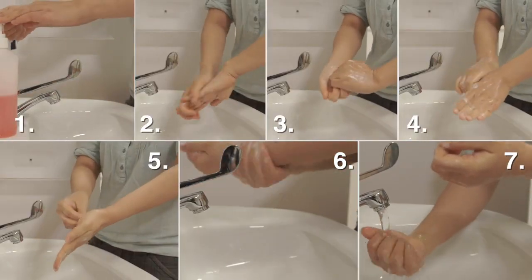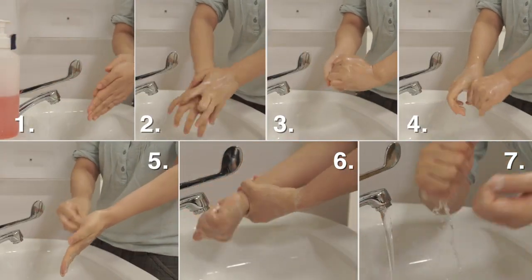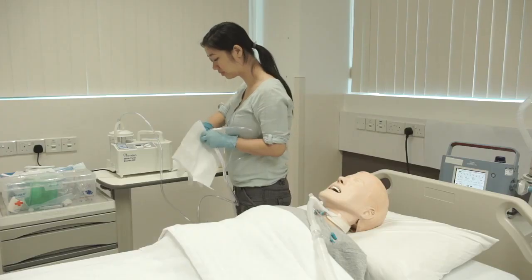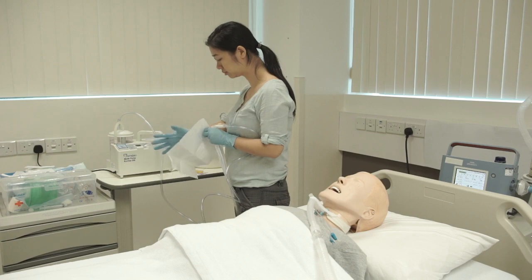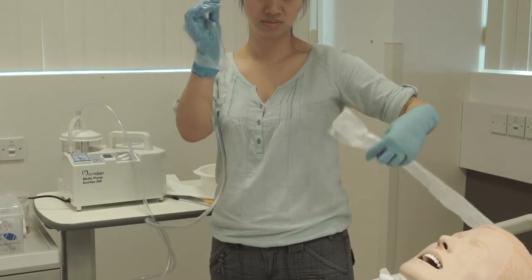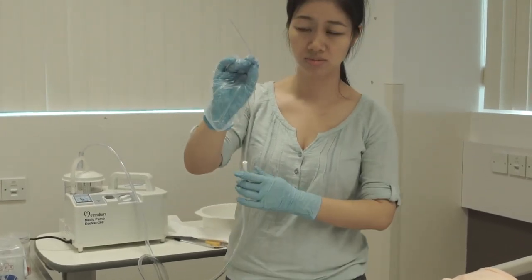Always wash your hands before touching the tracheostomy tube. Connect the catheter to the suction tube. Wear sterile gloves on your dominant hand. Hold the sterile catheter in the hand with the sterile gloves. Avoid contact with the non-sterile area.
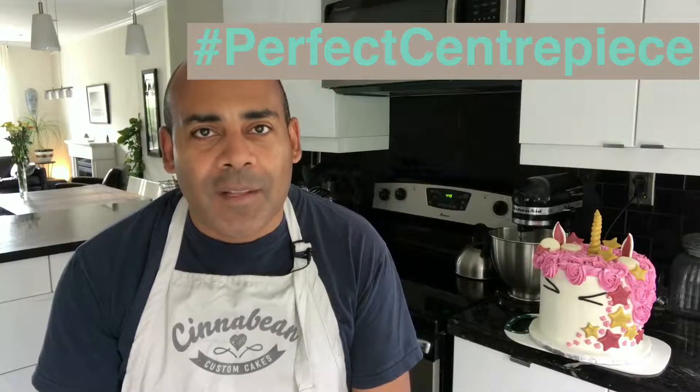Do you have a beautiful cake that you want to showcase at your next party but you have nothing to put it on? Well let me show you how to make a beautiful cake stand for under $10 that will make this cake the perfect centerpiece for your next celebration.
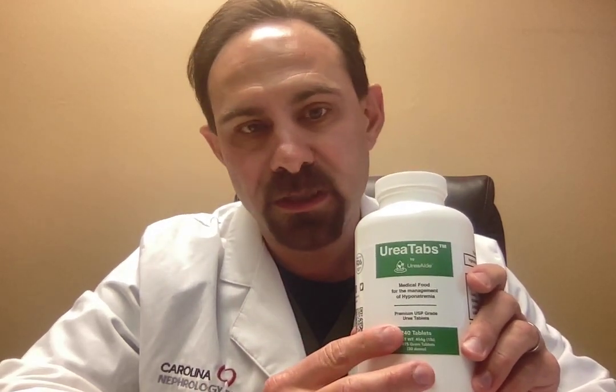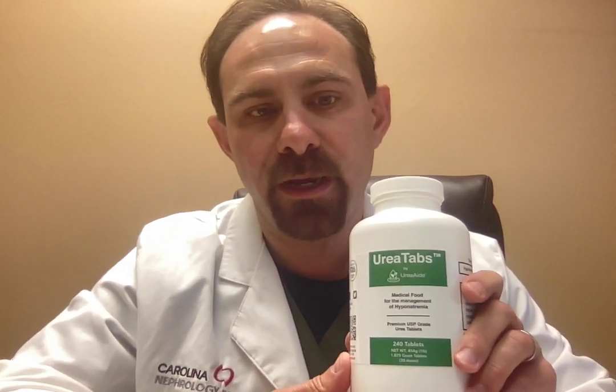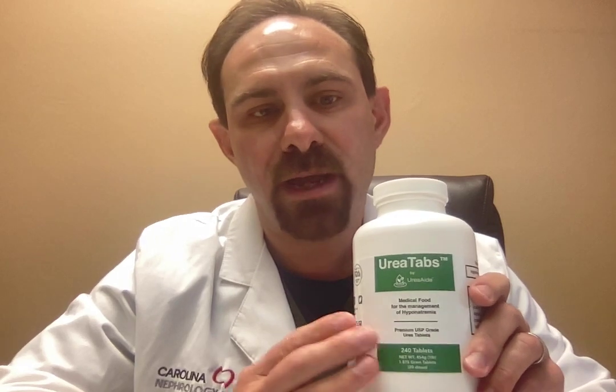But they said it was a little too big. So what we decided to do is instead of six tablets being equivalent to a scoop or a packet, we went to eight. Eight tablets would be equivalent to one scoop or one packet of our other products — one packet of the UreaAid Orange or one scoop of the unflavored UreaAid.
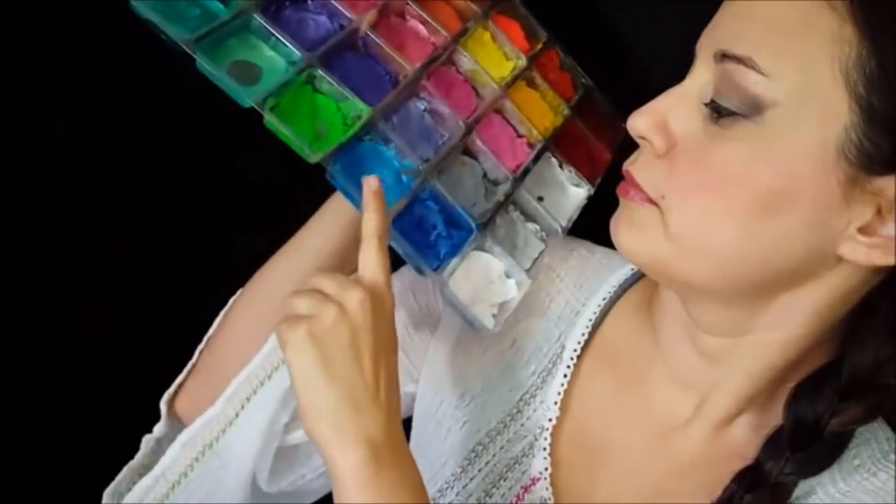Hey, this is Jolene from the Face Painting Forum Shop and I'm going to paint for you a winter design. I'm going to use an Always Wicked Art sponge and come in with the metallic white on the whole sponge, and then come back in with some Ziva blue on the edge.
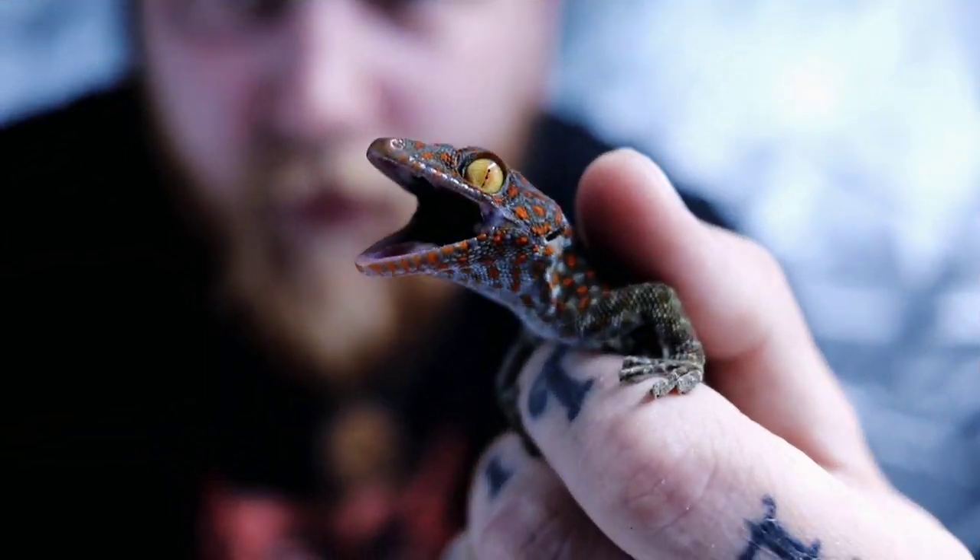I'm going to talk a little about how to set up a dubia colony, the exact numbers you need to make a colony grow — number of males versus number of females — proper care techniques, and just a few tips and tricks along the way. So with all that being said, let's roll the intro.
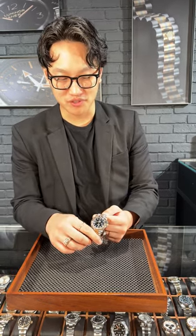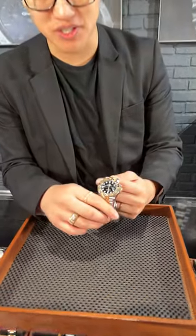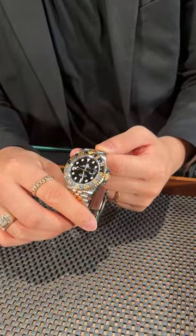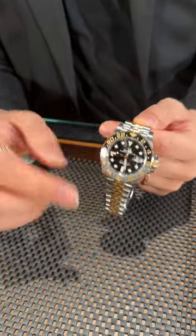Welcome back to SwissWatchExpo. Today I have one of my favorite recent Rolex releases. This is the Rolex GMT-Master II, and this is the first time they've actually done the black and gray combination, especially with the steel and yellow gold. I think this is a fantastic look with the Jubilee bracelet.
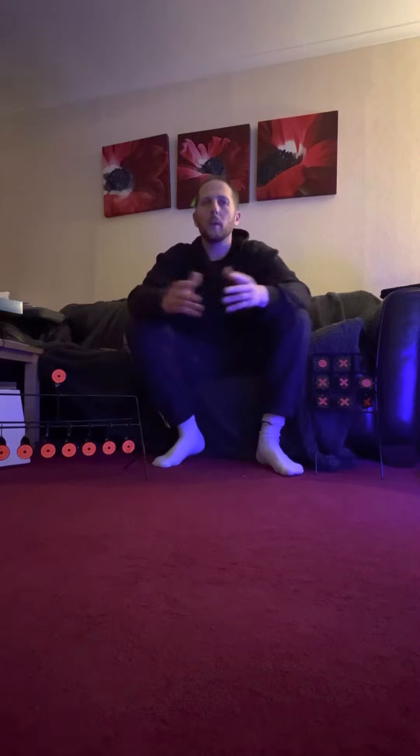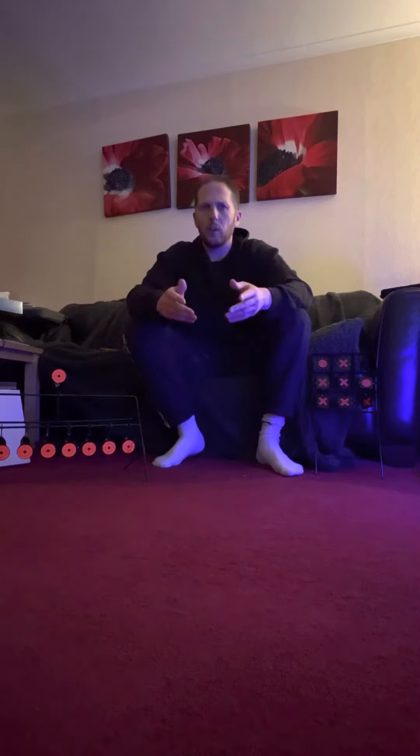Hey guys, welcome back to the channel. It's been a while since I've uploaded a video — put a few shorts up, promising a few videos. I've got quite a few still in my files to put together, editing.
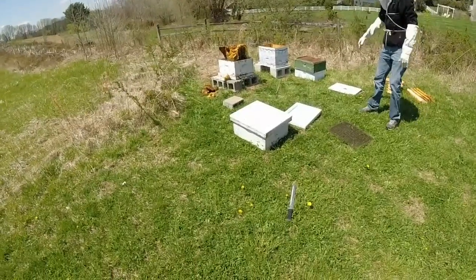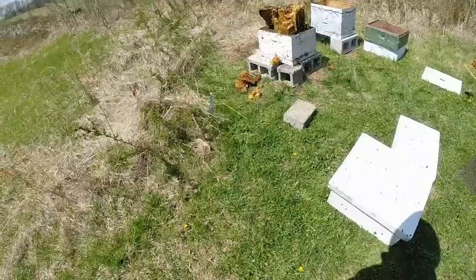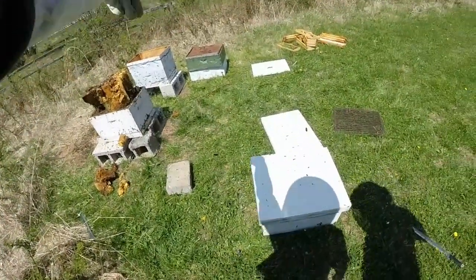Dude, what have we done? We got a feeder jar in there. Alright, so now what we got to do... I told you, I knew there might be... We got to get that into there.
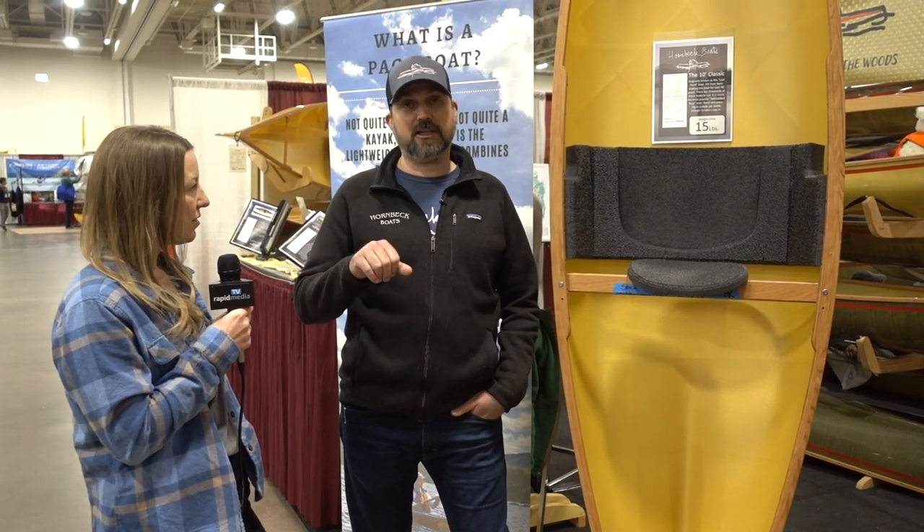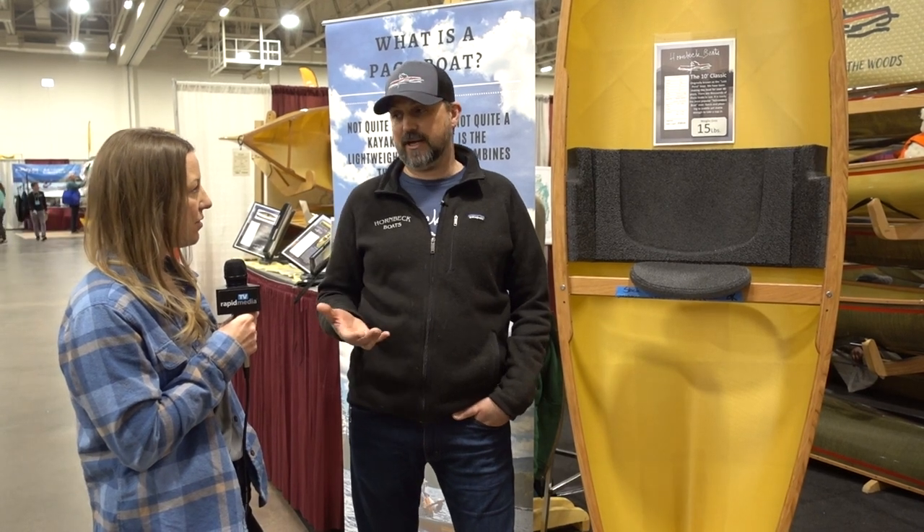So Rushton started building boats for Nessmuk to do those things. They were made out of cedar strips, with a little cedar plank to sit on, and you typically paddle with a double-bladed paddle. He was able to build these boats at 13, 14, 15 pounds so Nessmuk could go off and explore by himself.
※
Print the records above word for word, omitting any picture they contain.

= Response for this exercise =
Always wash your hands before touching the tracheostomy tube. Connect the catheter to the suction tube. Wear sterile gloves on your dominant hand. Hold the sterile catheter in the hand with the sterile gloves. Avoid contact with the non-sterile area.
Do you have a beautiful cake that you want to showcase at your next party but you have nothing to put it on? Well let me show you how to make a beautiful cake stand for under $10 that will make this cake the perfect centerpiece for your next celebration.
But they said it was a little too big. So what we decided to do is instead of six tablets being equivalent to a scoop or a packet, we went to eight. Eight tablets would be equivalent to one scoop or one packet of our other products — one packet of the UreaAid Orange or one scoop of the unflavored UreaAid.
Hey, this is Jolene from the Face Painting Forum Shop and I'm going to paint for you a winter design. I'm going to use an Always Wicked Art sponge and come in with the metallic white on the whole sponge, and then come back in with some Ziva blue on the edge.
I'm going to talk a little about how to set up a dubia colony, the exact numbers you need to make a colony grow — number of males versus number of females — proper care techniques, and just a few tips and tricks along the way. So with all that being said, let's roll the intro.
Welcome back to SwissWatchExpo. Today I have one of my favorite recent Rolex releases. This is the Rolex GMT-Master II, and this is the first time they've actually done the black and gray combination, especially with the steel and yellow gold. I think this is a fantastic look with the Jubilee bracelet.
Hey guys, welcome back to the channel. It's been a while since I've uploaded a video — put a few shorts up, promising a few videos. I've got quite a few still in my files to put together, editing.
Dude, what have we done? We got a feeder jar in there. Alright, so now what we got to do... I told you, I knew there might be... We got to get that into there.
So Rushton started building boats for Nessmuk to do those things. They were made out of cedar strips, with a little cedar plank to sit on, and you typically paddle with a double-bladed paddle. He was able to build these boats at 13, 14, 15 pounds so Nessmuk could go off and explore by himself.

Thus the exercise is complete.